CoGAPS inferred gene expression patterns. Box plot of six gene expression patterns inferred from the HaCaT gene expression data for samples in Table 1. Plotted values are normalized to sum to one across all samples and are averaged across three applications of the CoGAPS algorithm. All results for HaCaT-EGFRWT are colored in green, HaCaT-HRASVal12D in red, HaCaT-EGFRWT in grey, HaCaT-p65WT in blue, and HaCaT-vector in black. The y-axis is labeled according to the row of the inferred P matrix plotted in each panel. Specifically, (a) contains the pattern attributed to the baseline HaCaT activity, (b) attributed to HaCaT-HRASVal12D, (c) HaCaT-vector control, (d) HaCaT-EGFRWT, (e) serum, and (f) HaCaT-p65WT.
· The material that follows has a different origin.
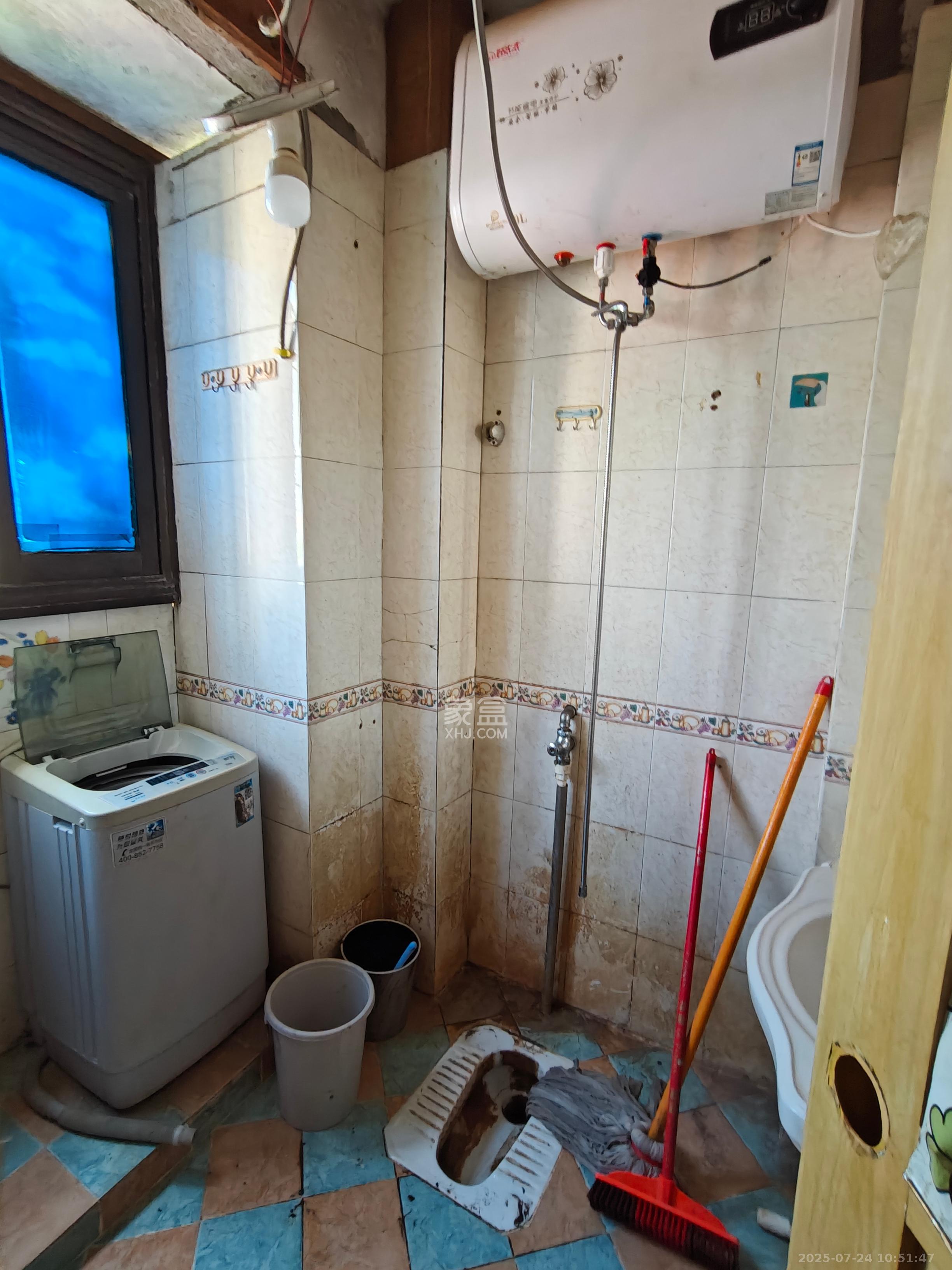 向韶村 2室1厅1卫 1500.0元/月 向韶村 2室1厅1卫 1500.0元/月室内图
In accordance with eq. 1, the inferred patterns from the rows of P can be linked to signatures of gene expression in the columns of the amplitude matrix A to implicate relative gene expression in subsets of samples. We apply the Z-score gene-set statistic of [13] (eqs. 2 and 3 of the Methods section) to infer pattern-specific pathway activation (repression) from over- (under-) representation of large magnitude elements in the A matrix for genes that are targets of transcription factors. Whereas [13] limited application of this statistic to targets of transcription factors, Figure 3 displays estimates of activation and repression of pathways and Additional file 2: Figure S 2 the statistics for component transcription factors (listed in Additional file 1: Table S 1) estimated with eq. 3 for the HaCaT data. Therefore, in this application a pathway is inferred to be either up or down regulated if its targets have a correspondingly larger or smaller Z-score in elements of the A matrix relative to a random selection of genes. By basing this statistic on the relative standard-deviation adjusted magnitude in elements of A, CoGAPS directly infers pathway activity that is active in each pattern inferred (row of P). Therefore, CoGAPS provides a direct implication of relative pathway activity in samples in contrast to the inference limited to differential pathway activity in gene set statistics in standard class-comparison algorithms. Similar to the inferred patterns, these pathway and transcription factor level statistics are robust across CoGAPS simulations (Figure 3 and S 3).

Figure 3

HaCaT expression CoGAPS gene set statistics. Gene set statistics for pathway activity of the HaCaT expression data calculated from eq. 3 averaged across three CoGAPS simulations. Error bars indicate minimum and maximum values of the pathway activity statistic in each of the three CoGAPS simulations. Bars are grouped and labeled according to the dominant experimental condition to which inferred CoGAPS patterns correspond. Within each block, statistics are provided for the STAT, RAS, AKT, TGFB, and Notch pathways (left to right) colored according to the figure legend.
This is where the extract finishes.